This post is an attempt at sharing what I learnt the hard way while writing my firsts high throughput Numaflow pipelines. It took me some time to convince myself that I had a resource efficient and safe pipeline, and I had to troubleshoot a few misconfiguration errors I made.
feel free to share this article or drop a message with your feedback!

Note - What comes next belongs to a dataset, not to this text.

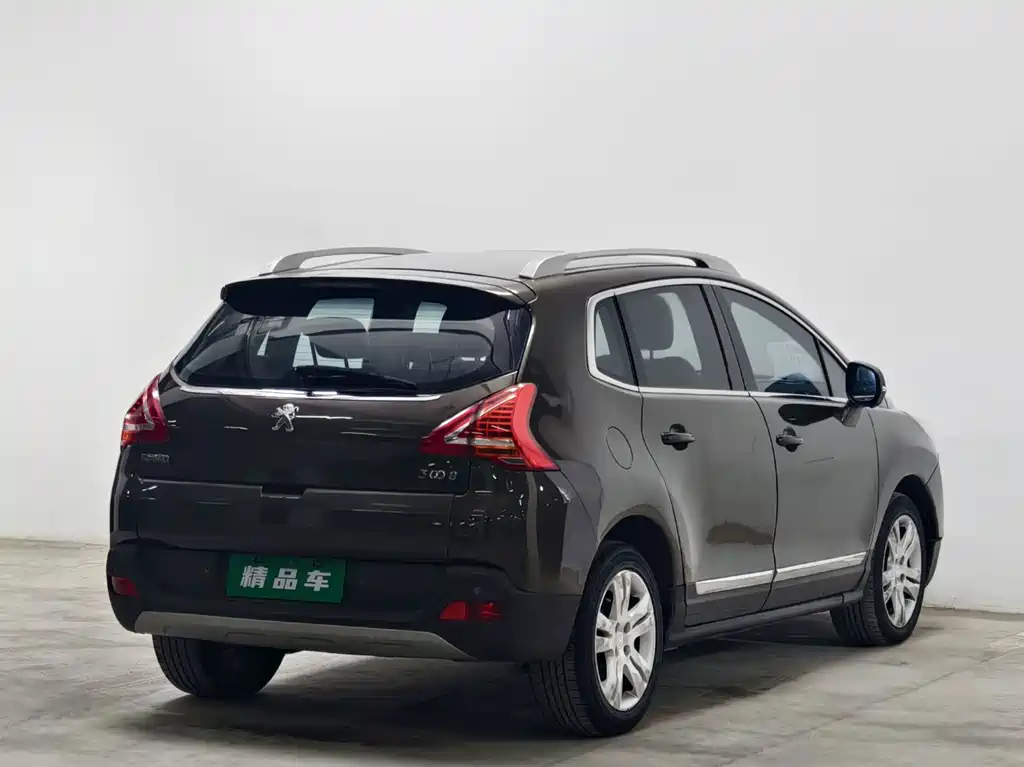 Peugeot 3008 — миниатюра 4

Introduction: What's Numaflow ?
If you're not familiar with Numaflow, visit their excellent documentation. To summarize, it is a scalable and event oriented framework for data pipelines built into Kubernetes using custom resources and an operator. It also has a convenient web app. To create a pipeline, you define it as a YAML that most notably contains a set of vertices that are either sources, processors, or sinks and can be built in or user defined. To communicate between vertices, you define edges that use underlying streams, generally powered by a Jetstream managed as a Inter Step Buffer Service resource in Kubernetes. The data flows between steps and can be filtered at edges. Once again, for more details, visit the Numaflow documentation.
TIP 1: Partitionning
Numaflow defaults to a single partition per inter step buffer (edge). It is convenient
for small workloads, but for more than 5 thousands messages per second, you will need
to use partitioning. As far as I understand, you're better off having too much partition
than too little, so it's a good rule of thumb to use at least 4 or 5 partitions if you know
that some edge can receive a few thousands messages per second. This can be achieve by setting
the partition
key of the vertice that is reading the buffer, which "owns" edge:
- name: live-addr-rel-pricer-udf
partitions: 4 # <- it happens here
udf:
container:
image: registry.gitlab.com/my-company/my-repo/message-enriching-udf:v1.56.0
env:
- name: MY_ENVAR
value: "My value"
imagePullSecrets:
- name: registry-credentials
TIP 2: Finding the right jetstream settings
I made today a Pull Request to revive the Redis ISBSVC (that was not usable anymore due to a bug). It lacks the following features as of 15th of March 2024:
- Watermark
- Reduce processors
- Side inputs
- Transformers
Jetstream, as opposed to Redis, ensures high availability, scalability, and that no datum can be lost after the request to write has returned. This is achieved by using a NATS optimized RAFT algorithm for clustering, replicating all data, and using disk persistence. This comes with a significant overhead, and the default settings in Numaflow with 3 replicas will be less performant (but in theory safer) than a single instance of Redis, which primarly functions with RAM (but can persist as well). Depending on your use case, tweaking the configuration of Jetstream might be necessary.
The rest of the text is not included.